I compile the following:
The most straightforward purpose here is to obtain a data table with factor columns (ID columns) and cell number columns describing the following:
Obviously, the vector of cell indices for a shapefile differs for different rasterized data sets. Currently, cell indices for 59 shapefiles are stored in a table and saved to an R workspace file for two common rasterized data products at SNAP:
Load required packages, define output directory, and load shapefiles. Shapefiles are organized into related groups. I ensure certain idiosyncrasies are addressed, such as reprojection of shapefiles with differing coordinate reference systems. Some shapefiles also contain single polygon regions whereas others contain multiple. Care must be taken to ensure all object manipulation is as intended.
library(raster)
library(maptools)
library(data.table)
library(dplyr)
library(parallel)
outDir <- "/workspace/UA/mfleonawicz/projects/DataExtraction/workspaces"

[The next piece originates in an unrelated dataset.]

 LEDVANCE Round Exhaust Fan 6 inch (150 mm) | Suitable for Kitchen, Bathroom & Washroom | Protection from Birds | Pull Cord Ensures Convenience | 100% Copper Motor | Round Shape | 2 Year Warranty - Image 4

shpDir <- "/workspace/UA/mfleonawicz/projects/DataExtraction/data/shapefiles"
# Political boundaries Alaska
Alaska_shp <- shapefile(file.path(shpDir, "Political/Alaska"))
# Western Canada regions Alberta_shp <- shapefile(file.path(shpDir,
# 'Political/alberta_albers')) # OLD BC_shp <- shapefile(file.path(shpDir,
# 'Political/BC_albers')) # OLD
Canada_shp <- shapefile(file.path(shpDir, "Political/CanadianProvinces_NAD83AlaskaAlbers"))
Canada_IDs <- c("Alberta", "Saskatchewan", "Manitoba", "Yukon Territory", "British Columbia")
Canada_shp <- subset(Canada_shp, NAME %in% Canada_IDs)
# Alaska ecoregions
eco32_shp <- shapefile(file.path(shpDir, "AK_ecoregions/akecoregions"))
eco32_shp <- spTransform(eco32_shp, CRS(projection(Alaska_shp)))
eco9_shp <- unionSpatialPolygons(eco32_shp, eco32_shp@data$LEVEL_2)
eco3_shp <- unionSpatialPolygons(eco32_shp, eco32_shp@data$LEVEL_1)
eco32_IDs <- gsub("\\.", "", as.data.frame(eco32_shp)[, 1])
eco9_IDs <- sapply(slot(eco9_shp, "polygons"), function(x) slot(x, "ID"))
eco3_IDs <- sapply(slot(eco3_shp, "polygons"), function(x) slot(x, "ID"))
# LCC regions
LCC_shp <- shapefile(file.path(shpDir, "LCC/LCC_summarization_units_singlepartPolys"))
LCC_IDs <- gsub(" LCC", "", gsub("South", "S", gsub("western", "W", gsub("Western",
"W", gsub("North", "N", gsub(" ", " ", gsub("\\.", "", as.data.frame(LCC_shp)[,
1])))))))
# CAVM regions
CAVM_shp <- shapefile(file.path(shpDir, "CAVM/CAVM_complete"))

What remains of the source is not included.